LAWTON: In previous conflicts, including the first Gulf War and air strikes in the Balkans, US presidents argued that while humanitarian factors may have also been at play, military action was in America’s strategic interests.
CARTER: The argument that is being offered for Libya is entirely the argument that we have no self-interest here except to protect these people who are going to be slaughtered. Now I know a lot of people think, “Well there’s something else going on, there’s really another reason.” Who knows? All that could be true, but what’s really interesting is that the language the White House is using is entirely the language of humanitarian intervention.
LAWTON: Carter has a new book called The Violence of Peace: America’s Wars in the Age of Obama. He claims the man many voters considered the “peace candidate” has turned into a “war president” with an expanding philosophy about the use of force. Carter says that philosophy was signaled in Obama’s 2009 acceptance of the Nobel Peace Prize.
President Barack Obama (from 2009 Nobel Peace Prize acceptance speech): Inaction tears at our conscience and can lead to more costly intervention later. That’s why all responsible nations must embrace the role that militaries with a clear mandate can play to keep the peace.
CARTER: What’s striking about the war in Libya, whether one is for it or against it, is that it shows that President Obama was serious, that he actually meant what he said, that he actually believes that’s a justified use of American power.

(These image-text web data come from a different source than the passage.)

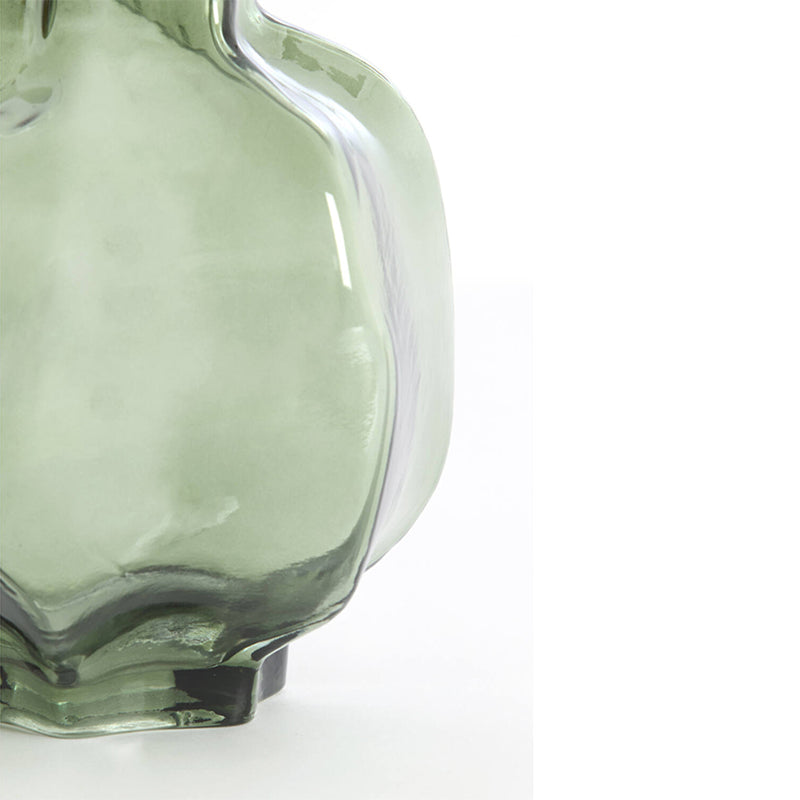 Vase Ø18x18 cm FALZES glass clear dark green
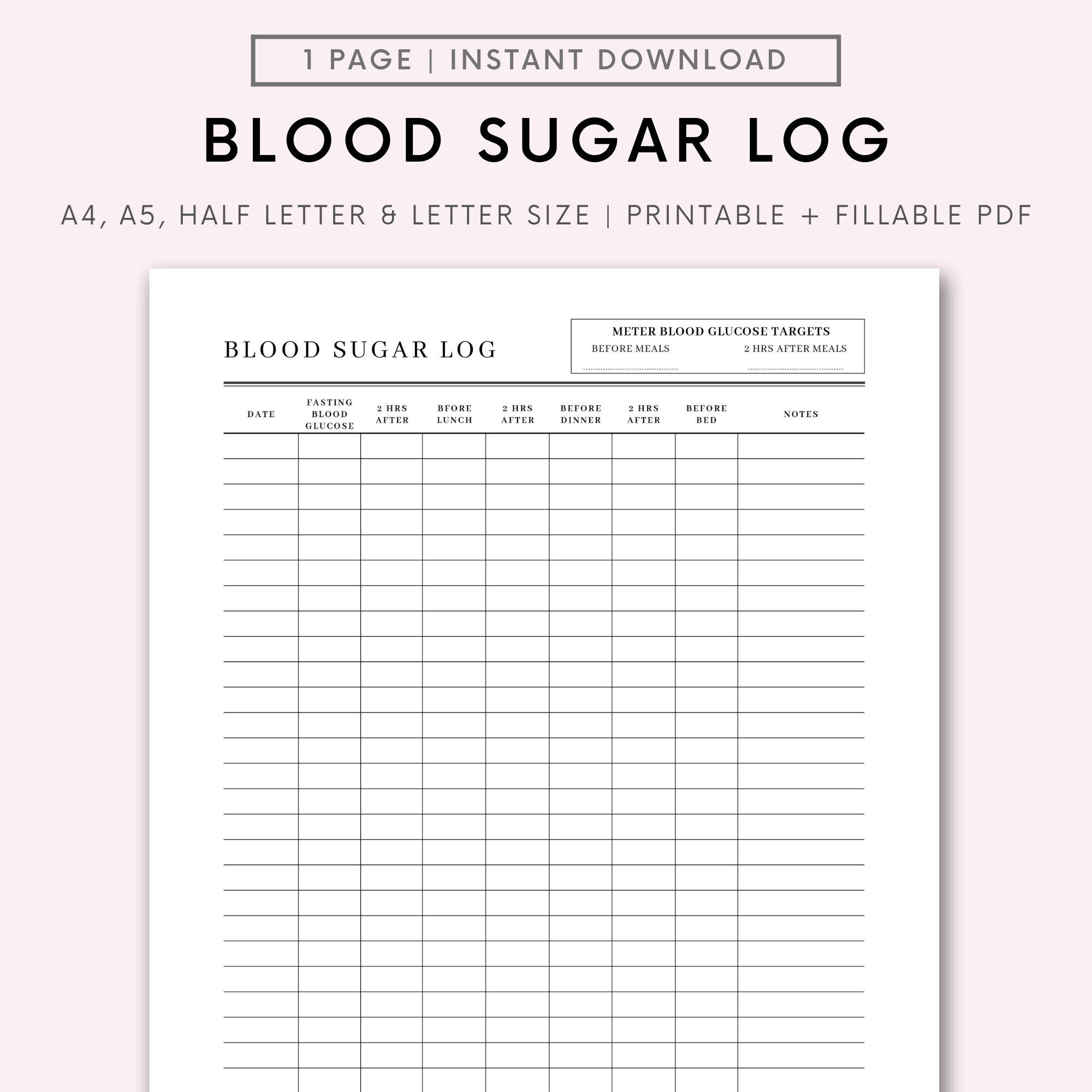 Blood Sugar Log Printable Blood Sugar Tracker Editable Printable Blood Glucose Tracker Diabetes Log Blood Sugar Log Diabetes Tracker Etsy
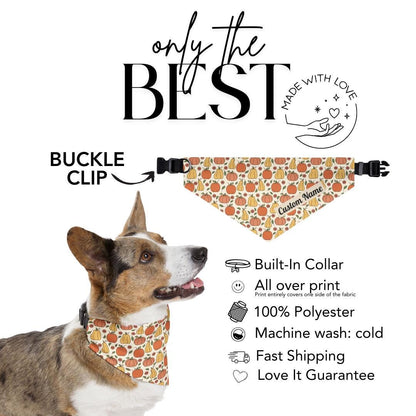Pumpkin Harvest Pet Bandana with Built-In Collar Personalized Dog Cat Bandana Fall & Thanksgiving Pet Accessory Adjustable Pet Bandana Gift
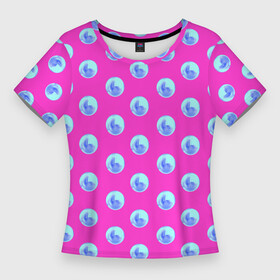 Женская футболка 3D Slim с принтом Бирюзовый горох 3д на розом фоне в Новосибирске,  |  | 3д | бирюзовый | в тренде | геометрия | горошек | модный | розовый | симметрия | сфера | шар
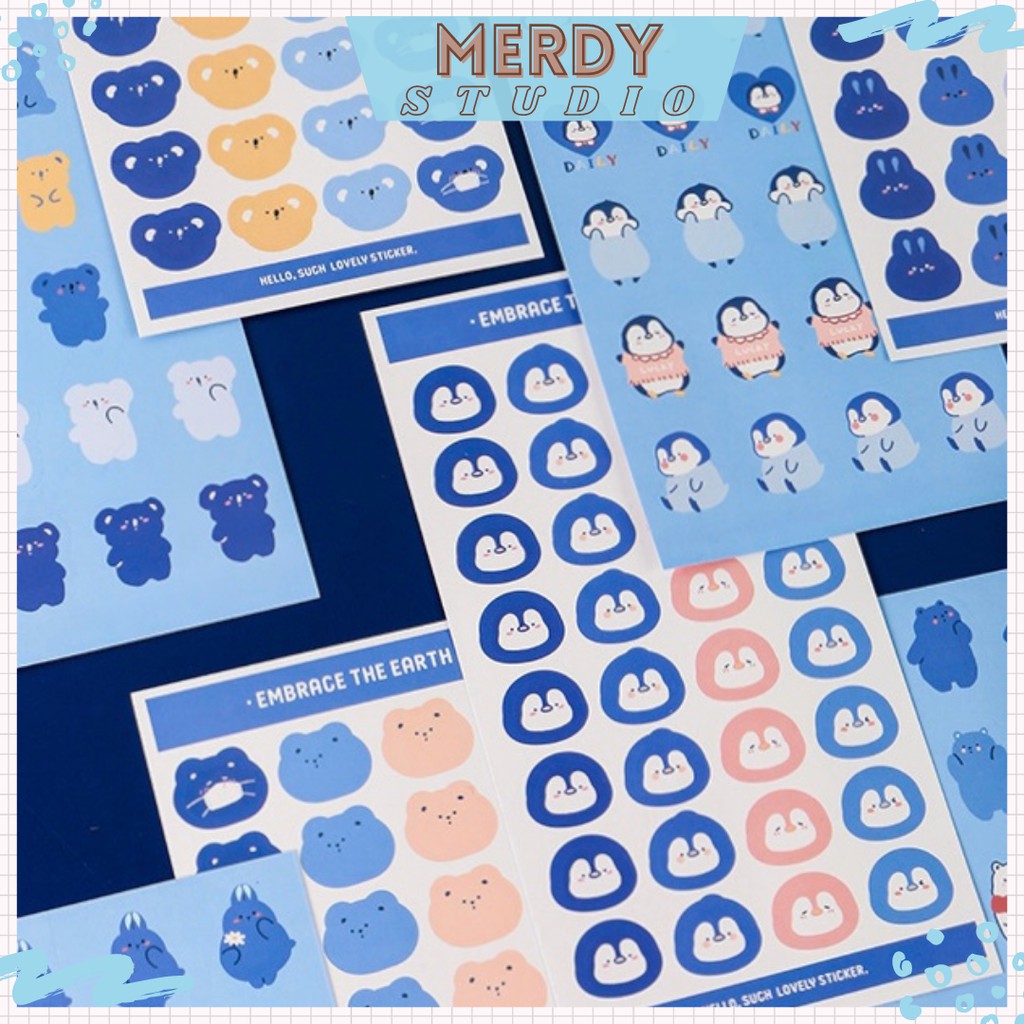 Set 2 tấm sticker 52 miếng dán hoạt hình động vật xứ lạnh dễ thương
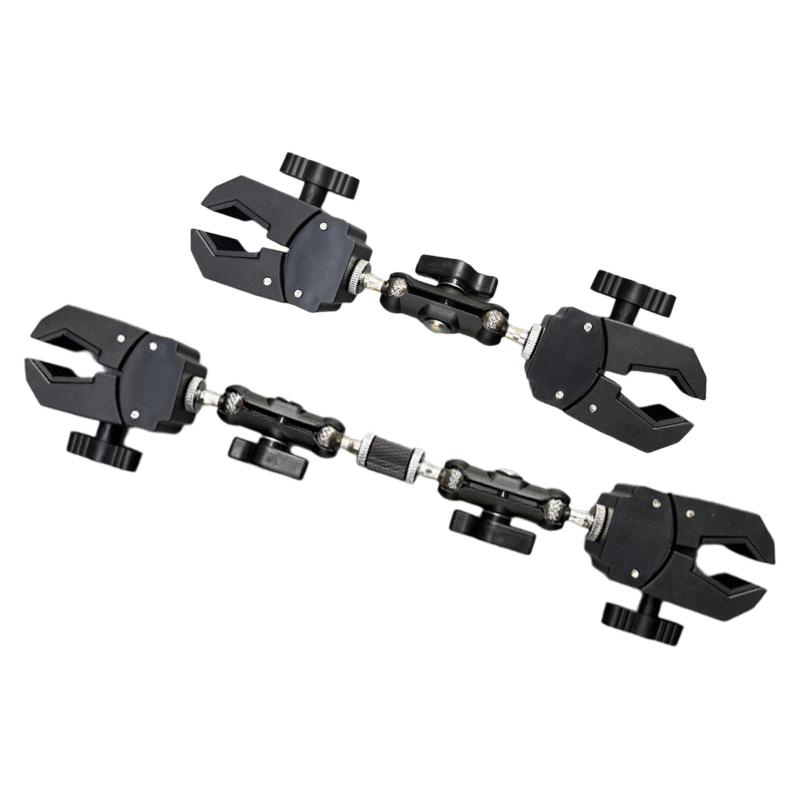 ダブルヘッドカニクランプ調節可能なアームカメラマウント取り付け簡単ポータブルクランプハンドルバー..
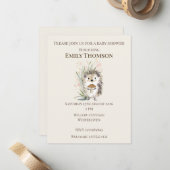 Invitation à la baby shower Hérisson de la forêt (Devant/Arrière en situation)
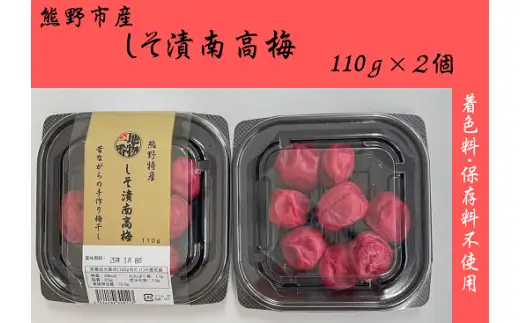 梅干し 南高梅 無添加 しそ漬け梅干し 110g×2【frsn0019】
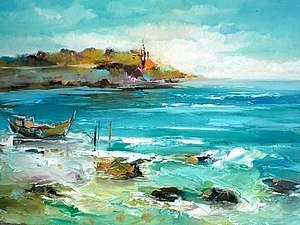 Майсторски клас по живопис пейзаж живопис с маслени бои, море за начинаещи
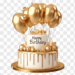 Golden Birthday Cake Extravaganza: Free PNG Cliparts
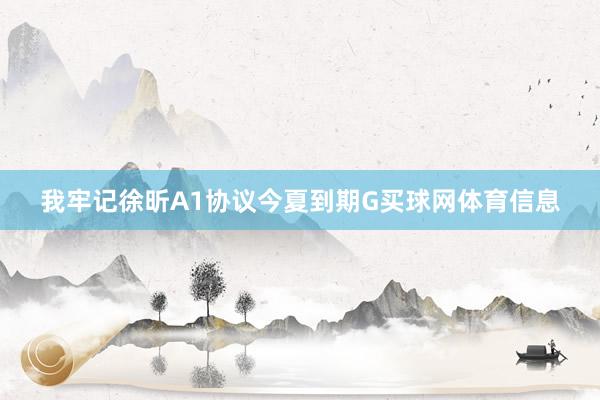 我牢记徐昕A1协议今夏到期G买球网体育信息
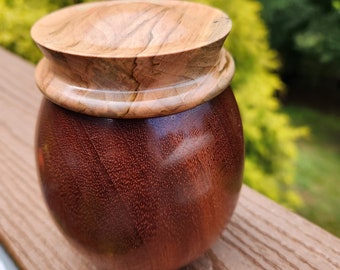 Lidded Vessel/Kitchen Canister in Sapele and Ambrosia Maple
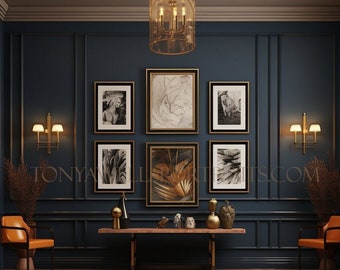 Frame Mockup, Gallery Wall, Luxury Navy Blue Foyer Room Mockup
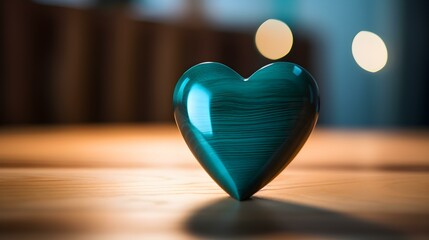 Close up of a cyan Heart on a wooden Table. Blurred Background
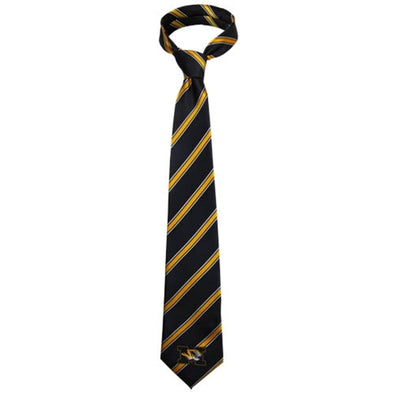 Mizzou Tiger Head Black & Gold Striped Tie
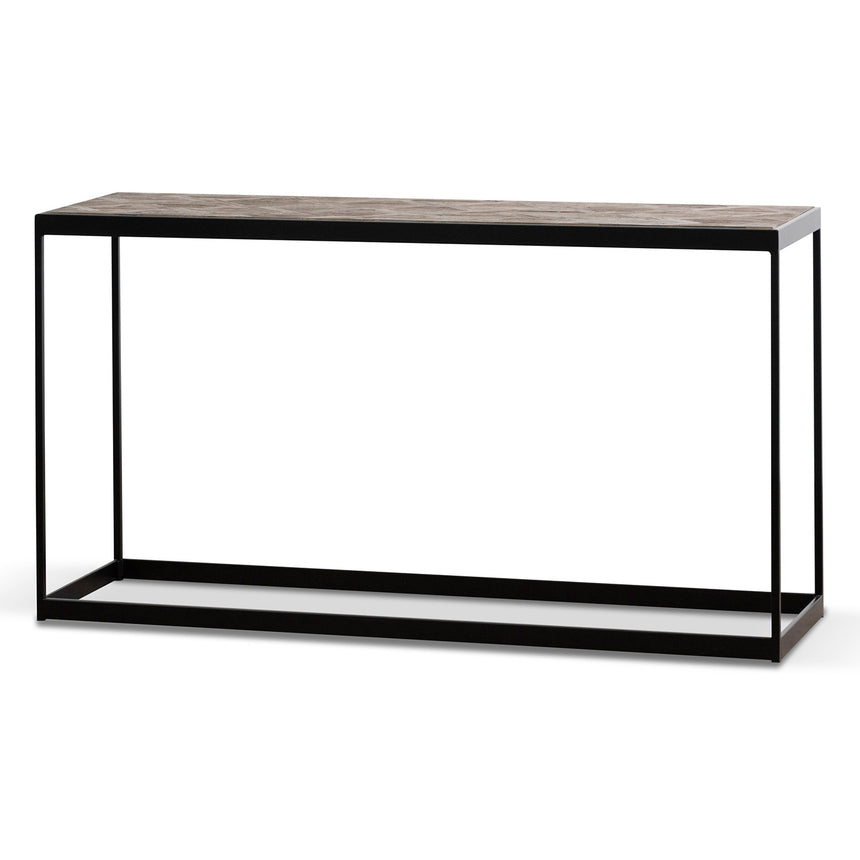140cm Console Table in Dark Natural - Black Frame - View 3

LAWTON: Carter asserts that Saint Augustine and other early developers of the just war theory supported the idea of using force to achieve justice.
CARTER: Today we look at self-defense as the axiomatic case where everyone agrees that’s when you can go to war. For the early thinkers that was one of the weakest cases, because as Augustine liked to say, “You should never go to war out of love for yourself but only out of love for others.”
LAWTON: The price of inaction, Carter says, can indeed be terribly high, as was the case in Rwanda when nearly a million people were killed in the 1994 genocide. The US did not intervene there.
CARTER: President Clinton later said that was the greatest failure of his presidency, and I think it’s absolutely right. I think it was a grave moral mistake by the country that is not only the leader of the free world but also the preeminent military power in the world.
LAWTON: How do you morally weigh Libya versus Darfur?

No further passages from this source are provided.